De 1918 à 1925, il dirigea en personne les opérations de l’Armée rouge, dont il fut le créateur, contre les diverses armées antisoviétiques. La mort de Lénine, qui devait amener au pouvoir le triumvirat Staline-Zinoviev-Kamenev, eut une influence néfaste sur la carrière politique de Trotski. »

Rejeté dans l’opposition, exclu du Parti puis expulsé d’URSS par Staline, l’ancien homme fort du régime soviétique vit en exil depuis 1929, réfugié successivement « en Turquie, puis en Norvège, en Espagne et même en France », comme le rappelle Le Journal.

En 1937, condamné à mort par contumace, Trotski trouve refuge au Mexique, d’où il apprend successivement la mort, dans des circonstances suspectes, de son fils Lev Sedov et l’assassinat de son ancien secrétaire Rudolf Klement.

Il réchappe lui-même à de nombreuses tentatives de meurtre, la plus rocambolesque s’étant produite à peine quelques mois auparavant, quand « une vingtaine d’individus ont tiré avec des mitrailleuses sur sa chambre à coucher pendant un quart d’heure », ainsi que nous l’apprend Le Petit Parisien.

« Depuis son départ forcé de l’URSS, il était toujours sur le qui-vive, et son entourage était forcé de prendre des précautions extraordinaires pour le prémunir contre les attentats. »

Dans Le Petit Marseillais du 23 août, le journaliste Émile Thomas dresse le portrait à charge d’un « terroriste terrorisé », ayant l’aspect, « avec sa barbiche et son lorgnon, d’un inoffensif retraité provincial ». Il décrit un « homme traqué par des ennemis implacables [qui] voyait, non sans motif, des assassins partout ».

Sur les circonstances de l’attentat, un certain flou plane au départ. Les journaux s’accordent pour dire que le fondateur de la Quatrième internationale a été attaqué chez lui, lors d’un dîner, par l’un de ses invités. L’homme, qui se faisait passer pour un journaliste, avait gagné sa confiance au fil de multiples entrevues.

L’identité de l’assassin diffère cependant d’un journal à l’autre, au rythme des identités qu’il donne à la police : Krank Johnson, Jacques Mornard, Morton Vanderbrecht, Frank Yacques, Jacques Nounard... Sur l’arme du crime, la même imprécision domine, Trotski ayant, selon les publications, été attaqué à coups de « barre de fer », de « marteau », de « pic », de « matraque » et autres objets contondants.
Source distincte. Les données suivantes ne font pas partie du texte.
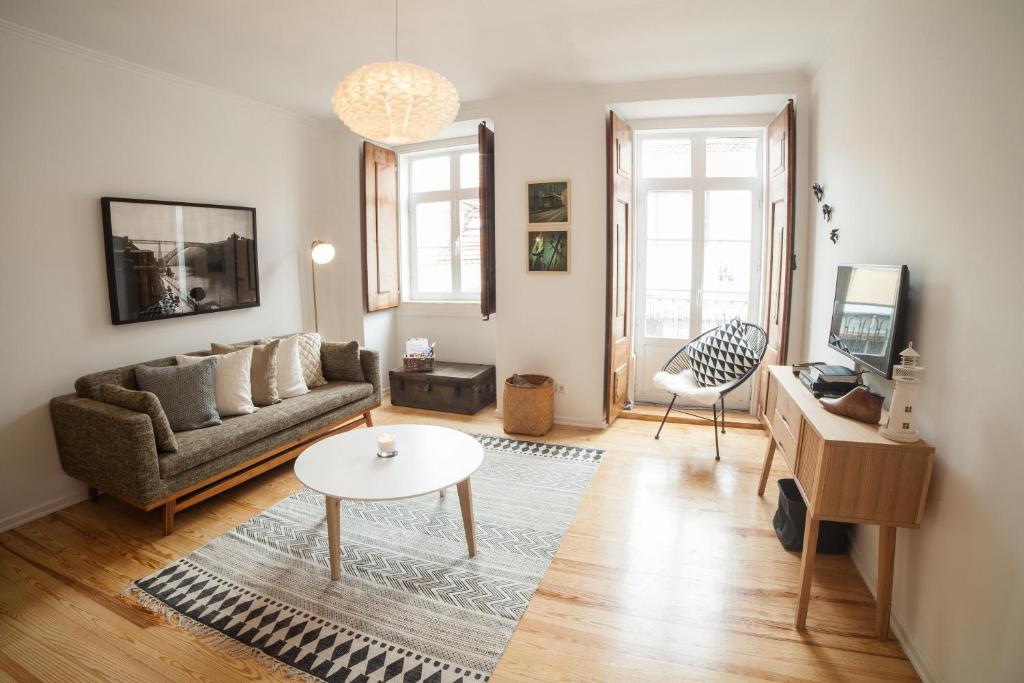a living room with a couch and a table at FLH Estrela Comfortable Flat in Lisbon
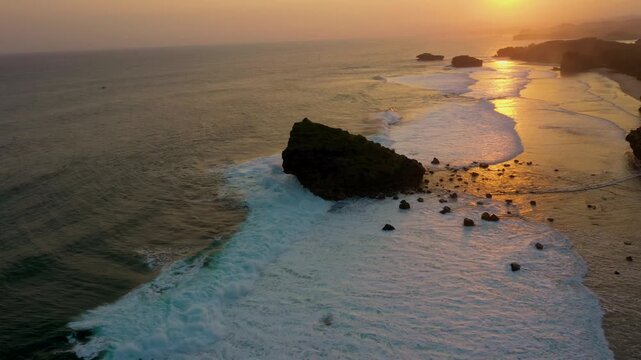 sunset over Watu Karung Beach, Pacitan, Indonesia. Golden light reflects on the ocean as waves crash around a large rock island. The vibrant scene captures the beauty of the coastal landscape.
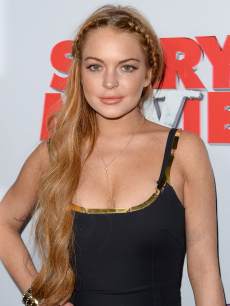 Lindsay Lohan arrives at the ‘Scary Movie 5’ premiere at the ArcLight Cinemas Cinerama Dome on April 11, 2013 in Hollywood, Calif.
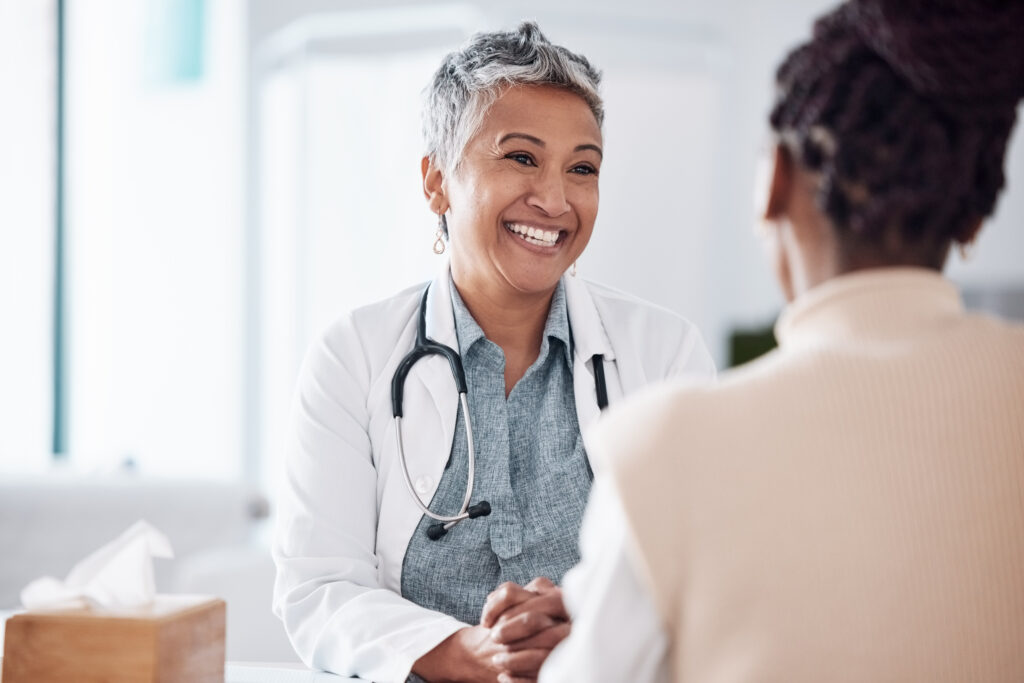 Healthcare provider speaking with patient about health and mental wellness — promoting collaborative care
Dans Le Petit Journal, qui est sur ce point au diapason des autres quotidiens, on rapporte les faits suivants :

« Le blessé porte une plaie à la tête qui a mis la cervelle à nu, et une fracture à la base du crâne. L’opération du trépan a dû être effectuée. Les docteurs redoutent une issue fatale. Aux dernières nouvelles, le blessé serait mourant. [...]

Il porte, à l’épaule droite et au genou, des blessures qui semblent indiquer que l’agresseur, après l’avoir assommé, continua à le frapper alors qu’il tombait en avant. »

Le lendemain, on annonce officiellement la mort de Léon Trotski. Son assassin est lui-même en piètre état, comme l’affirme Le Temps : « Au moment de son arrestation, il a opposé une vive résistance aux policiers et a reçu de graves blessures. » Pour expliquer son geste, l’homme déclare que « les raisonnements que lui tint Trotski au cours de leurs divers entretiens l’exaspérèrent à tel point qu’il décida de le tuer ».

La police mettra dix ans à découvrir la véritable identité de celui qui s’appelle en réalité Ramón Mercader. Après avoir purgé sa peine de vingt ans de prison, le communiste espagnol se rendra en URSS où il sera discrètement décoré de l’ordre de Lénine pour avoir éliminé « de sa propre initiative » un ennemi du socialisme. Les cendres de « Ramon Ivanovitch Lopez » se trouvent aujourd’hui au cimetière de Kountsevo à Moscou.

Trois cent mille personnes assisteront à l’enterrement de Trotski à Mexico. S’il n’a jamais été réhabilité par l’URSS, de nombreux mouvements continuent aujourd’hui encore de se réclamer de sa pensée.